I’ve been way busier than I exepected, and I’ve got somewhat of a bad conscience for not having been able to update the blog. But here goes.
I’ve been tasked with setting up an Oracle GoldenGate solution for a customer. The environment is fairly straight forward with two servers running Windows 2012R2 and Oracle Standard Edition One (yep, licnesens bought before the new SE Two licensing) 220.127.116.11 and GoldenGate 18.104.22.168. The idea is to get GoldenGate to handle replication from site A to site B in case of disaster.
GoldenGate is an interesting animal in itself as it is *very* complex and have in true Oracle fashion somewhere along the lines of a gazillion parameters. In this case we’ve opted to set up GoldenGate on each of the two servers, despite the fact that teh replication is stricly one-way (from site A to site B).
There are a lot of blogs (especially Gavin Soorma) that do an execellent job of explaining exactly how GoldenGate works, so I’ll focus on some of the more interesting findings so far:
Integrated or classic mode
GoldenGate 12c gives you the choice of using the classic way of sifting through the log files and shipping the result or leveraging logminer to extract the data. Long story short: integrated extract and replicat supports more data types and is faster. WAY faster. I tried banging in 2M rows into a table and measuring how quickly the data crawled over to the secondary. It went from minutes to seconds. GoldenGate integrated extract/replicat *is* supported on Oracle Standard Edition (despite that the integrated functionality leverages Oracle Streams, an enterprise-only feature) but some things (like parallelism) is disabled, despite the fact that Oracle for some reason recommends using classic capture/replicat on Standard Edition and Standard Edition One. Considering the speed increase with integrated I’ll go with that, thank you very much.
The value of keys
Picture this: a single, heap table with a couple of hundred thousand rows. Inserting the data is quick and GoldenGate does an excellent job of shuttling the data over to the secondary site B. Now let’s see what happens when we do a delete instead. The cursor comes back in a few seconds on the pirmary, and after hitting commit I started looking at the secondary. This is where things become interesting.

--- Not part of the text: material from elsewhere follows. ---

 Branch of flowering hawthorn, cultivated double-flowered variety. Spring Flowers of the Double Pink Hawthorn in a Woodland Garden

The CPU went to 50% and basically pegged there – this is due to the fact that I’ve got two CPUs in my testing box and one of them was completely saturated. Funny thing is, that apart from an initial flurry of disk- and network activity, nothing seemed to be happening on the server. The rows are still in my table as well. Scratching my head I took a look at long-running queries using a query by David Mann
SELECT nvl(ses.username,'ORACLE PROC')||' ('||ses.sid||')' USERNAME, SID, MACHINE, REPLACE(SQL.SQL_TEXT,CHR(10),'') STMT, ltrim(to_char(floor(SES.LAST_CALL_ET/3600), '09')) || ':' || ltrim(to_char(floor(mod(SES.LAST_CALL_ET, 3600)/60), '09')) || ':' || ltrim(to_char(mod(SES.LAST_CALL_ET, 60), '09')) RUNT FROM V$SESSION SES, V$SQLtext_with_newlines SQL where SES.STATUS = 'ACTIVE' and SES.USERNAME is not null and SES.SQL_ADDRESS = SQL.ADDRESS and SES.SQL_HASH_VALUE = SQL.HASH_VALUE and Ses.AUDSID <> userenv('SESSIONID') order by runt desc, 1,sql.piece;
and found this little gem:
DELETE /*+ restrict_all_ref_cons */ FROM "DBUSER"."AAA" WHERE "A"=:1 and rownum < 2
Wait, what? This basically means a RBAR (row by agonizing row) handling of a delete which took about four HOURS(!). Lesson learned – ALWAYS make sure to have keys in your tables. And expect deletes to take a lot of time.

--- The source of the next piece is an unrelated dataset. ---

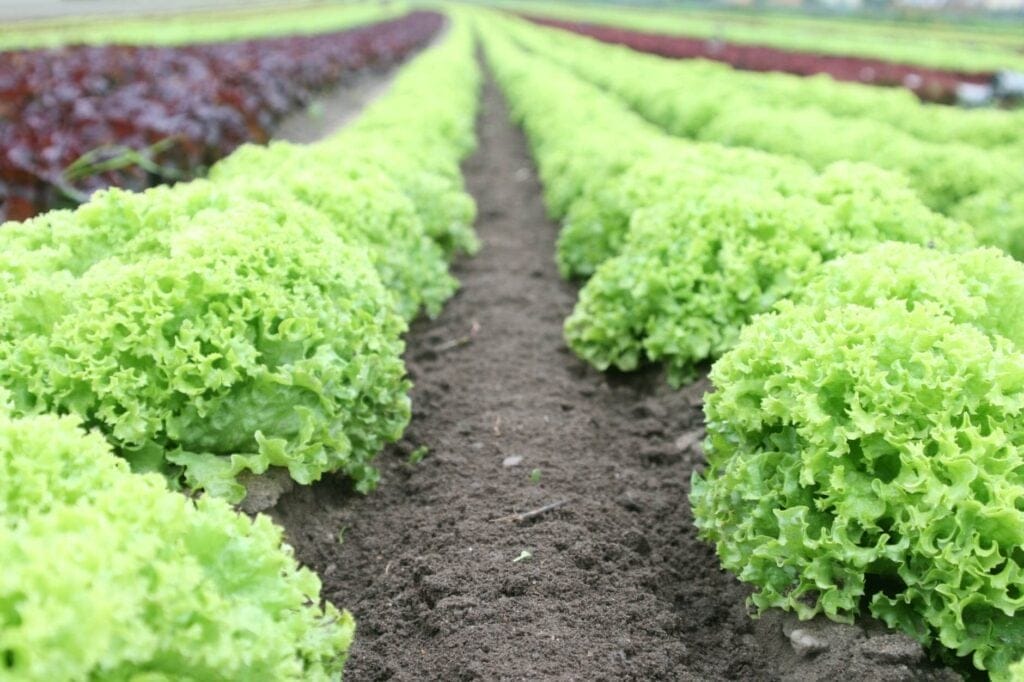 vegetable garden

When stress testing the replication I started receiving quite a lot of bothersome memory problems (inability to reallocate, out of virtual memory, header corruptions, etc). After searching the internet for answers and finding exacly nothing, it turned out that there is a small gotcha with the 64 bit version of GoldenGate – it defaults to 64GB memory (which means 128GB virtual memory pool). Since my machine only sported 8GB of memory, the process very much did get a memory problem. By changing the parameter CACHESIZE to a more reasonable number the problem went away.